白羽正在认真为朔月梳理经脉,要不是他之前吞噬黑焰而增长了些许仙力,也不敢这么为其梳理。
即便朔月的灵力依旧缓慢游走,可好歹那些堵塞之处都被疏通,原本是值得高兴的事,可在自身防护罩顿时被激活,引得他冷眼看过去。
见那人没了反抗之力,白羽才收回视线。
他随即拿出几颗据说能恢复灵力的丹药,一股脑往朔月嘴里灌,直到一瓶丹药见底才收手,嘟囔道:“应该够了吧。”
尾音很轻,更像在自言自语,也藏着不被自己察觉的忧心之意。
水下洞府不见天日,唯有结界上方露出的一抹抹波光,它们像不规则的星光映在那小范围的地面上。
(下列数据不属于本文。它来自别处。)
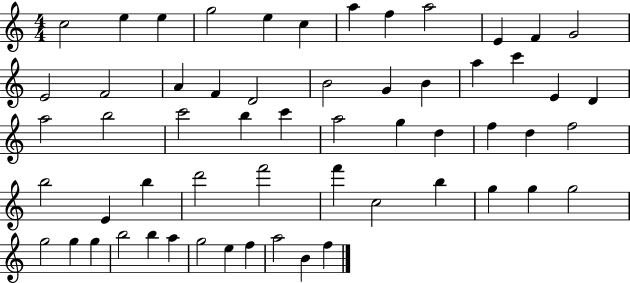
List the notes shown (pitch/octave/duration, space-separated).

C5/h E5/q E5/q G5/h E5/q C5/q A5/q F5/q A5/h E4/q F4/q G4/h E4/h F4/h A4/q F4/q D4/h B4/h G4/q B4/q A5/q C6/q E4/q D4/q A5/h B5/h C6/h B5/q C6/q A5/h G5/q D5/q F5/q D5/q F5/h B5/h E4/q B5/q D6/h F6/h F6/q C5/h B5/q G5/q G5/q G5/h G5/h G5/q G5/q B5/h B5/q A5/q G5/h E5/q F5/q A5/h B4/q F5/q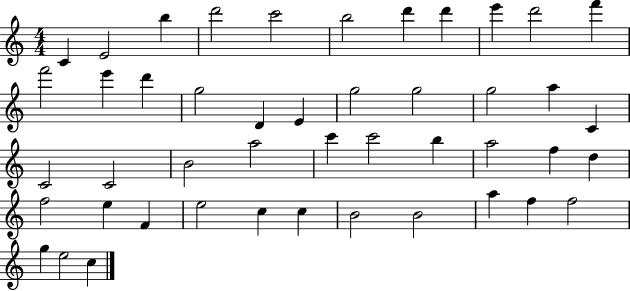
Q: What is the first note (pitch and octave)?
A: C4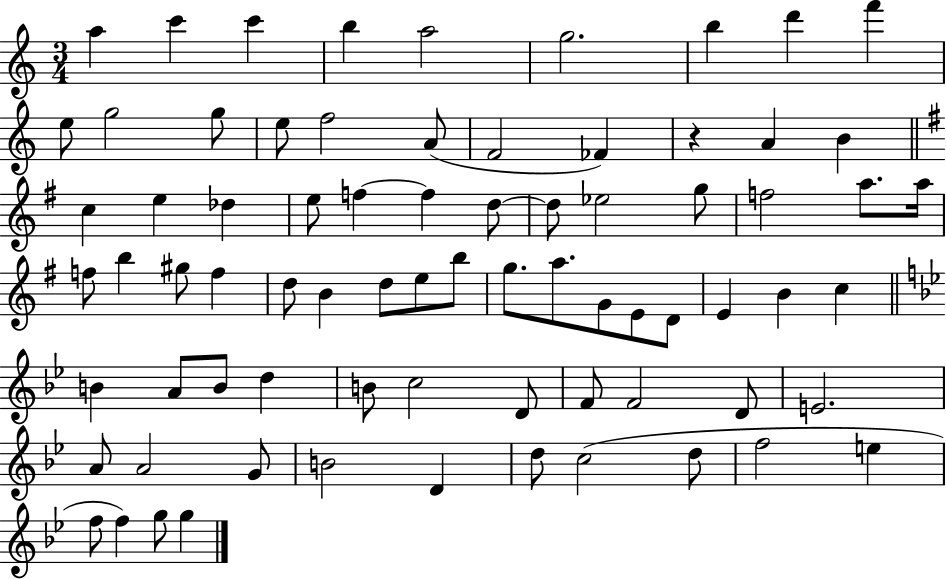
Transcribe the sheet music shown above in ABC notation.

X:1
T:Untitled
M:3/4
L:1/4
K:C
a c' c' b a2 g2 b d' f' e/2 g2 g/2 e/2 f2 A/2 F2 _F z A B c e _d e/2 f f d/2 d/2 _e2 g/2 f2 a/2 a/4 f/2 b ^g/2 f d/2 B d/2 e/2 b/2 g/2 a/2 G/2 E/2 D/2 E B c B A/2 B/2 d B/2 c2 D/2 F/2 F2 D/2 E2 A/2 A2 G/2 B2 D d/2 c2 d/2 f2 e f/2 f g/2 g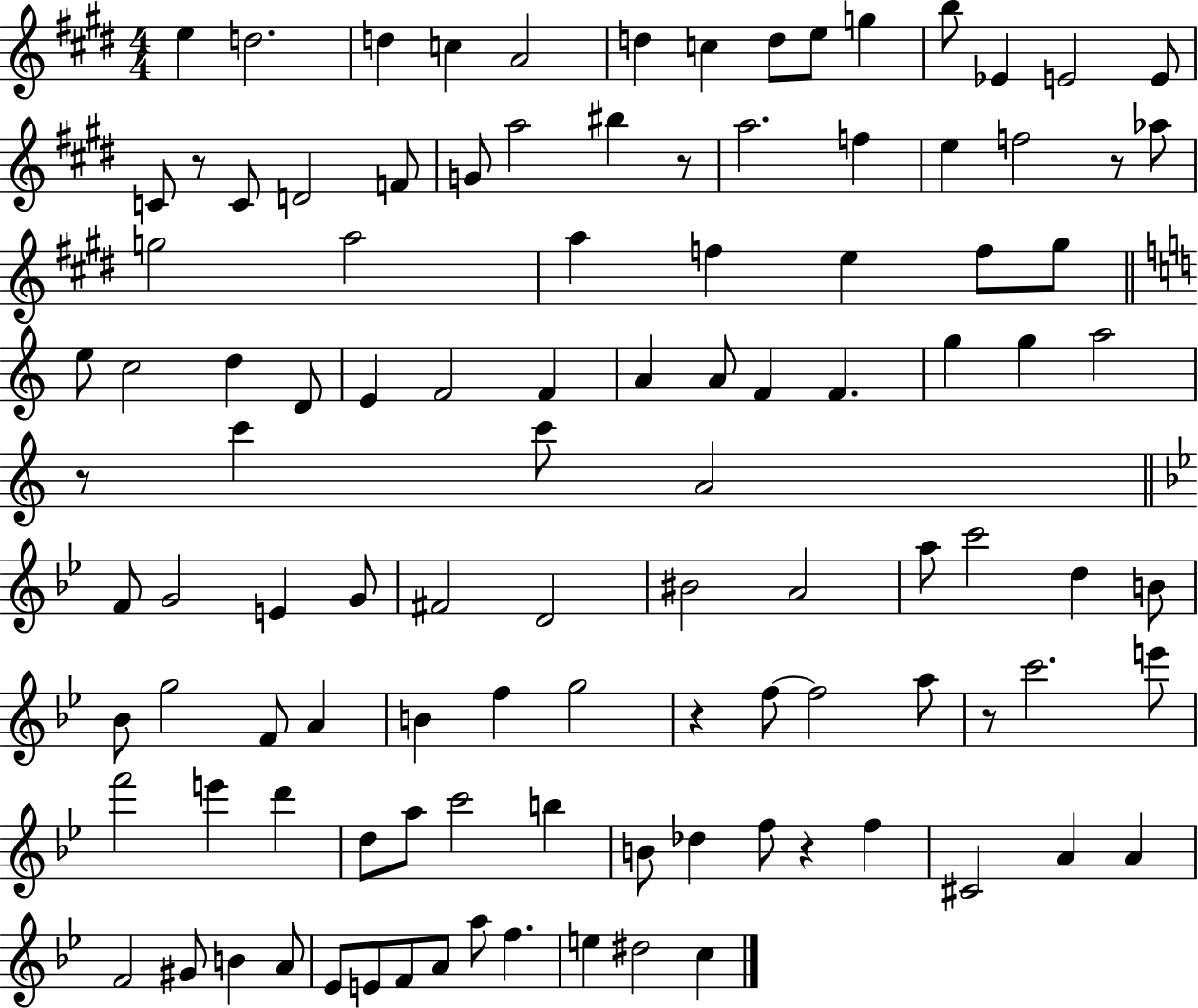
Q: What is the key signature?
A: E major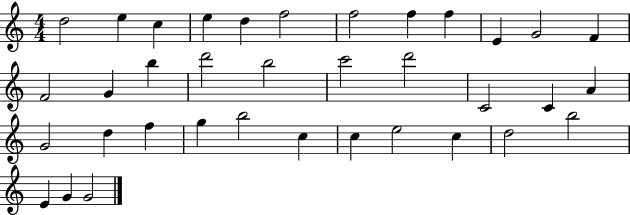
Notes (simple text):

D5/h E5/q C5/q E5/q D5/q F5/h F5/h F5/q F5/q E4/q G4/h F4/q F4/h G4/q B5/q D6/h B5/h C6/h D6/h C4/h C4/q A4/q G4/h D5/q F5/q G5/q B5/h C5/q C5/q E5/h C5/q D5/h B5/h E4/q G4/q G4/h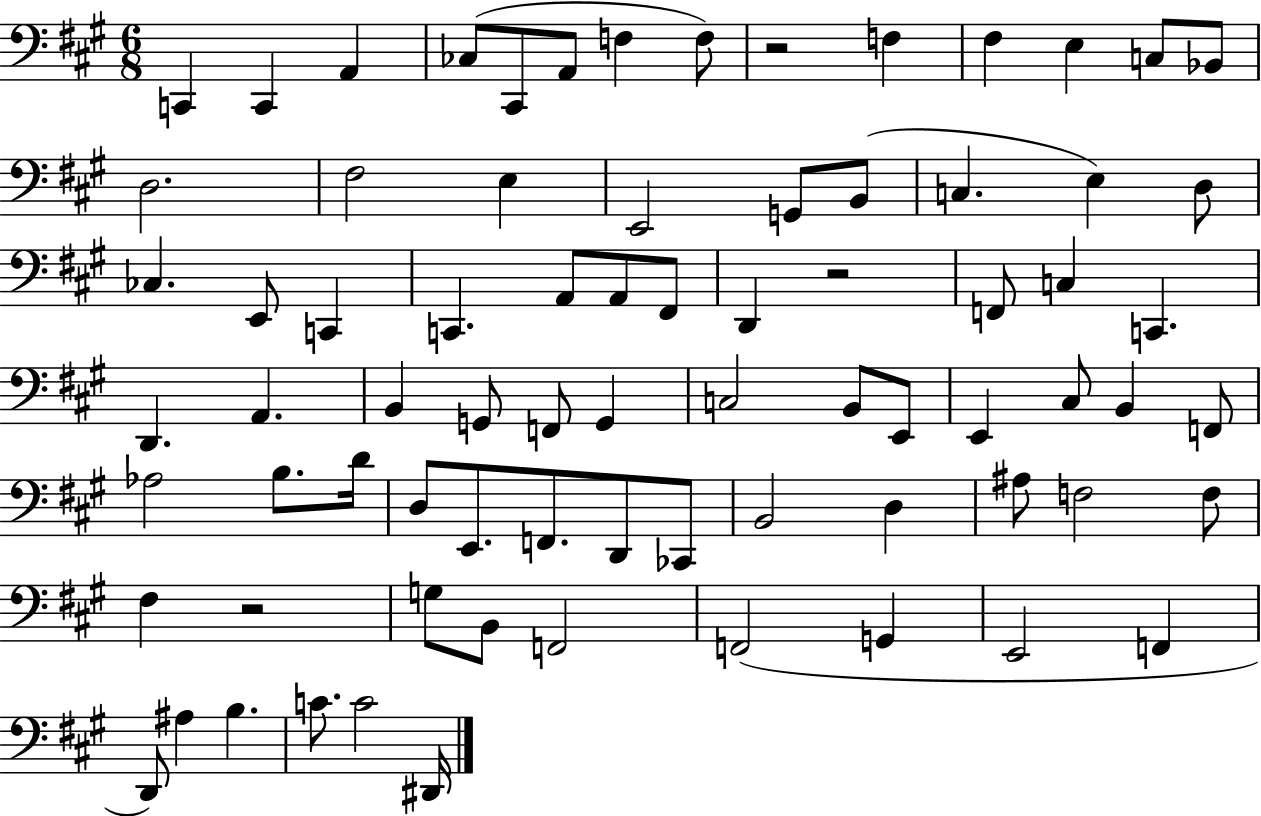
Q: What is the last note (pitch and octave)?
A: D#2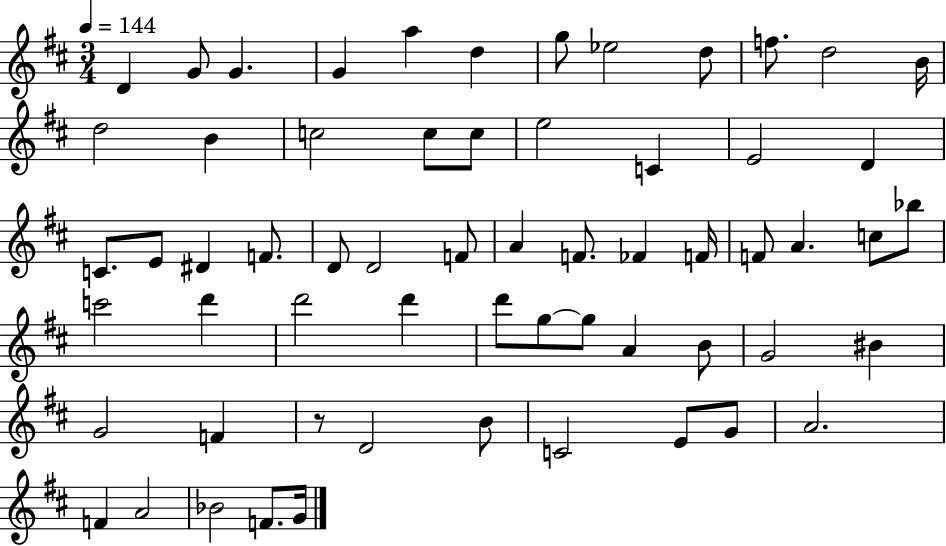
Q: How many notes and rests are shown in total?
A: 61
不过此地灵力被上方水潭隔绝,想要通过盘膝打坐恢复灵力只能等出去再说。
有诸多恢复灵力的丹药在发挥作用,朔月从假死状态里脱身,她看着头顶黑漆漆的巨石,又扫过余光那边泛来的阵阵波光,不由惊坐起,激动喊道:“白羽!”
侧头之时,与白羽面面相对。
沉默在蔓延,白羽问道:“怎么了?”
“没事……”朔月放低声音,看到那些横七竖八倒在地上的千颜宗之人,再有那气息断绝、四分五裂的流云宗弟子,这场景怎么看怎么残暴。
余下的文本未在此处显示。